Становилось ясно, что на серьёзные ак-ции против нас гэбэшники санкции не получили. Другое дело – мелкая провокация.
В тот день, 5 мая, мы возвращались домой раньше обычного. Из-за вмешательства Республики Мальта мы не провели обычных трёх часов в милиции. В марте 1985 года в результате сложного квартирного обмена моя сестра Белла с мужем Володей Кисликом, переехали из Киева в квартиру моих родителей в московском районе Крылатское, а родители оказались в однокомнатной квартире через два двора от нас.
Мы сразу отправились к родителям. Нашего семилетнего сына Давида, «отказника» почти с момента рождения, с начала наших демонстраций, мы в школу не пускали. Что может прийти в голову гэбэшникам относительно ребёнка? Да и Давид не особенно скучал по своей учительнице Татьяне Даниловне, иногда приходившей на уроки пьяной. Отправляясь на демонстрации, мы приводили Давида к родителям, а возвращаясь, забирали его.
На этот раз мы вошли в квартиру родителей сразу же за незваными гостями. Сотрудник управления шахмат, детский тренер и кто-то там ещё — Александр Костьев привёз для беседы с моим отцом, ветераном Второй мировой войны, другого ветерана из Советского Комитета ветеранов войны.
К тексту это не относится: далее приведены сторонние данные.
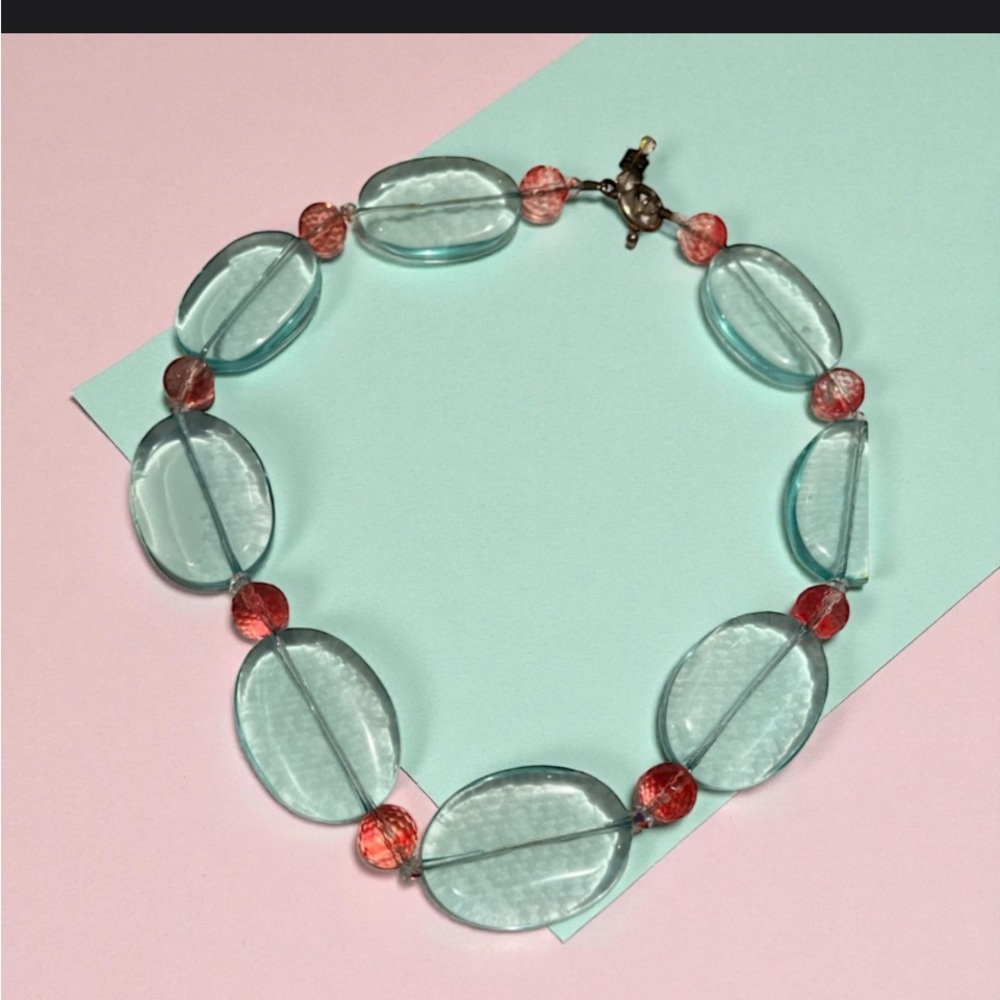 Elegant Blue and Pink Beaded Necklace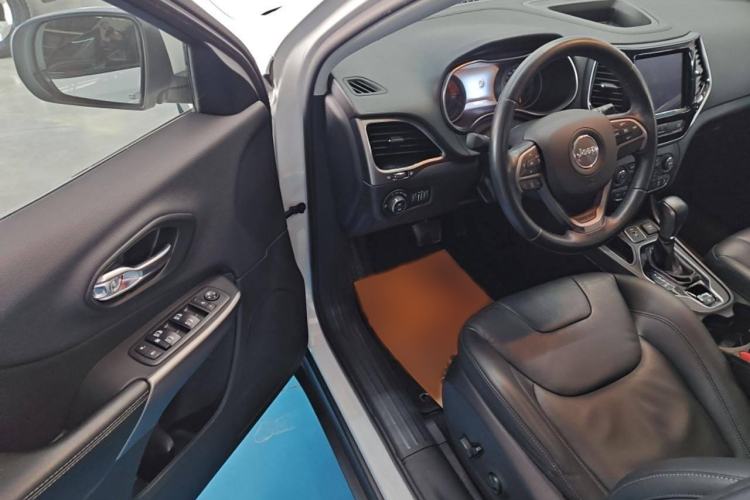 Used Jeep Cherokee 2019 2.0T Two-Wheel Drive Smart Enjoyment Version China VI Interior 2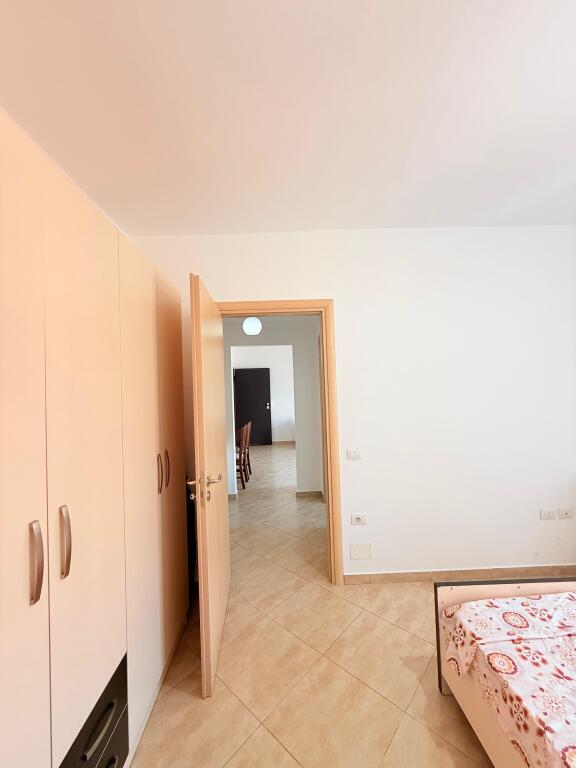 ✨ Apartament 1+1 me Qira – Lungomare, Vlorë ✨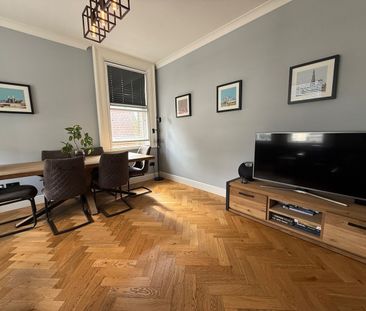 2 Bed Flat, Maritime Chambers, SO14 - Photo 3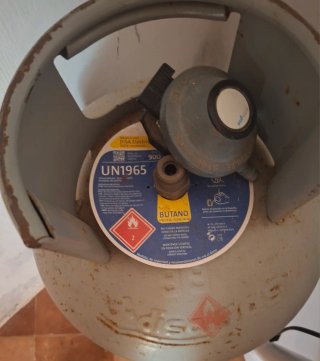 Bombona y regulador de gas butano bombona con gas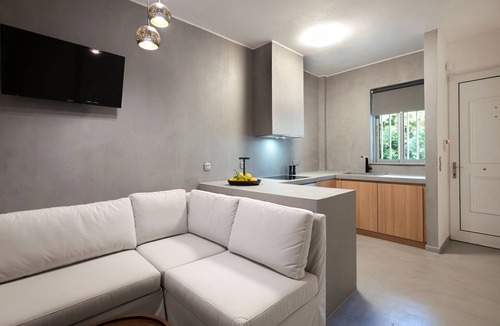 Loutraki Apartment | Elisa Seaside Luxury Suite private hot tub, beach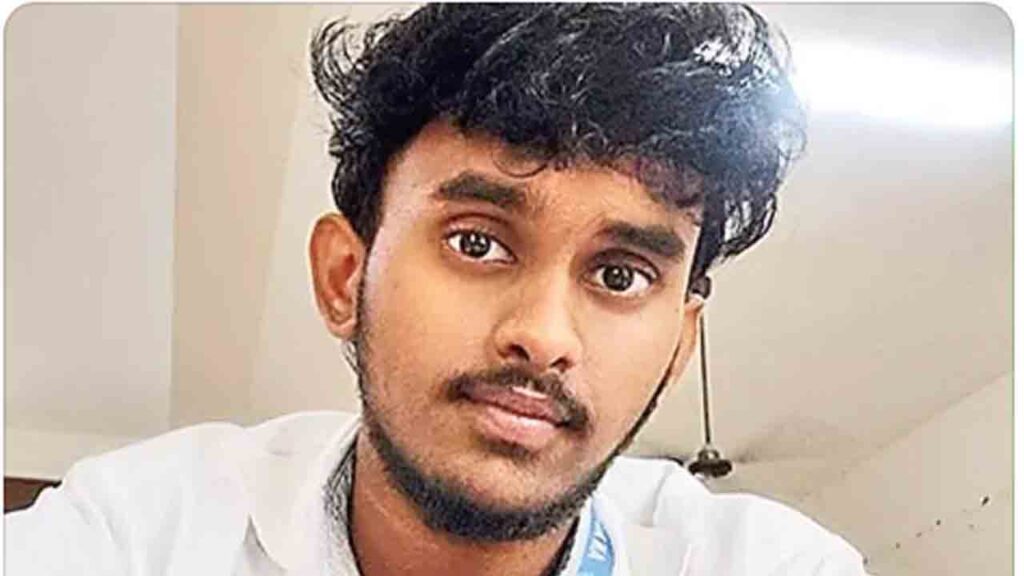 Engineering Student | దసరా సెలవులని వచ్చాడు.. ఇంట్లో కుప్పకూలిపోయిన విద్యార్థి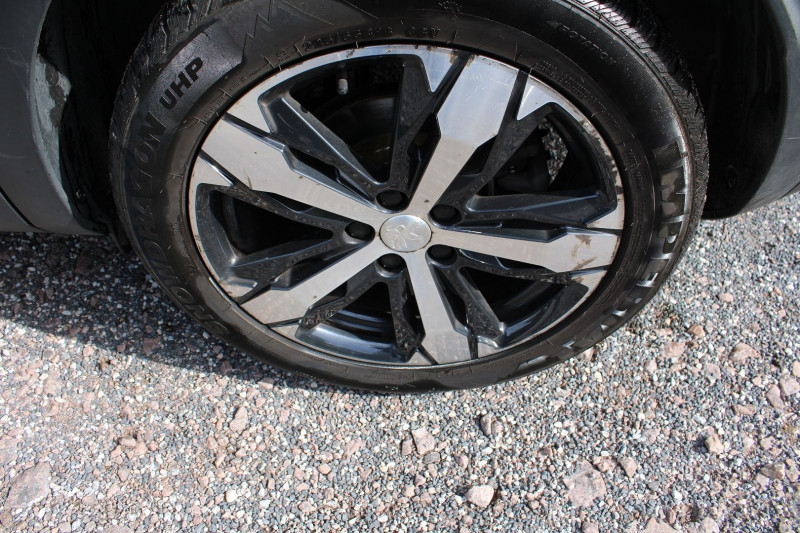 Photo 8 de l'offre de PEUGEOT 3008 III 1L5 BLUEHDI 130 CV GT LINE SPORT BICOLOR TOIT PANO FULL LEDS CAMÃRA 360  GPS 3D à 18900€ chez Bougel transactions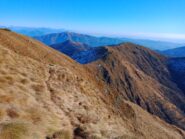 Traversi su erba olina e il Monte Croce ora un po' più vicino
Я пригласил незваных гостей на кухню, а родители перешли в комнату. Моему отцу было 79 лет, он был не очень здоров, и я хотел оградить его от гэбэшных провокаций. С мамой… я скорее хотел защитить ветерана. При предыдущих попытках надавить на родителей, гэбэшники слышали от мамы всё, что она о них думает. Она бесстрашно бросалась на них, чтобы защитить своих детей.
Впрочем, ветерану досталось и от меня. Дискутировать с отказником – это не переправу наводить через Днепр… В конце беседы бедняга выглядел плохо, и, я надеюсь, Костьев довёз его назад без сердечного приступа или гипертонического криза.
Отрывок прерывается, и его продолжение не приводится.